The results of this experiment gave us insight in how many people are interested in checking their review accuracy after a review — measured by clicks on the check now button.

Conversion rate on the first popup considered a signal for interest.

Moreover, it has given us more detailed insight into when users would like to see such information. To be fair, this is self reported data and needs therefore to be strongly scrutinized— but it has given us strong enough of a signal to eliminate a couple of concepts from the race.

2nd question aiming at the timing of feedback.

Use cases

  • Use this tool when you have clearly defined desirability assumptions and your project.
  • Don’t use this tool when your hypotheses aren’t clear yet.

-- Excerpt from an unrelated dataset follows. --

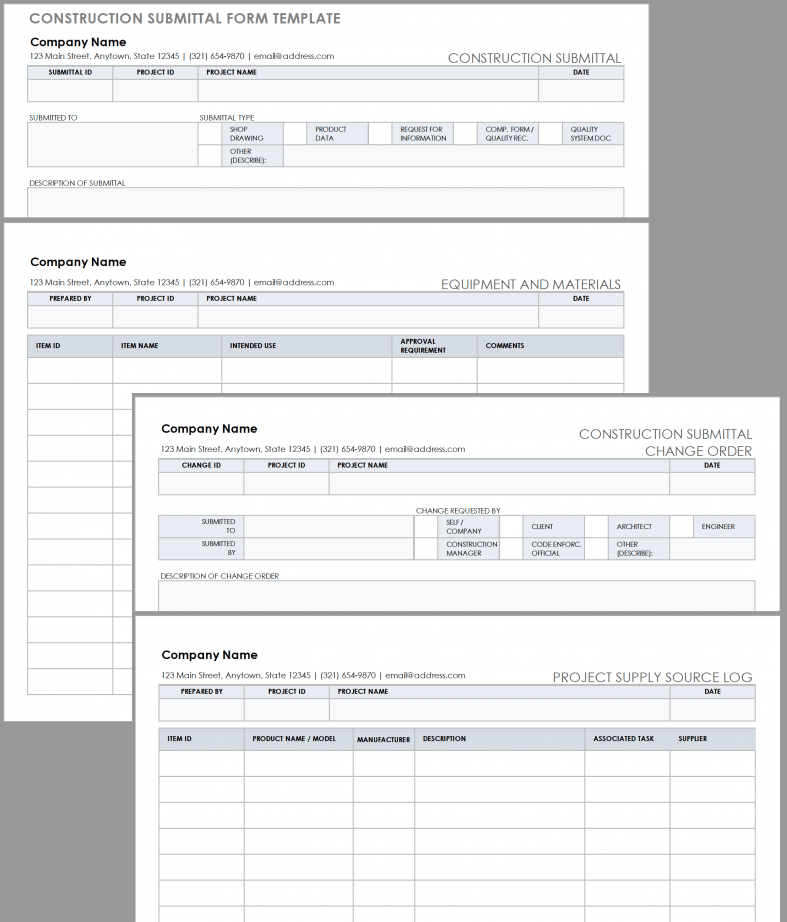 Construction Submittal Form Template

In that case try a qualitative method first to uncover the user needs.

Limitations

Since we’re using a survey tool for purposes which it isn’t built for, there are a couple of drawbacks:

  1. Most glaringly, the user experience is not perfect. The promised/advertised feature doesn’t exist yet so the experience will inevitably end with some degree disappointment for users. Depending on how critical trust is in your industry you might need to be more cautious in using this tool to de-risk assumptions.
    We address this drawback by only collecting from a small segment (usually up to 500 per test), to reduce the amount of damage we’re causing to the users’ experience
  2. The tool triggers the pop-up surveys in the app based on emitted events from the app. However, adding new events to the tool is something you need engineers for. So unless you have a tool that has a good set of events to start with, some upfront investment is necessary.

This testing approach was developed in a collaborative effort with my stellar colleagues Anna Stutter Garcia, Mauro Fernández, and Lisa van Aswegen!

What new ways of learning from users can you explore?

--

--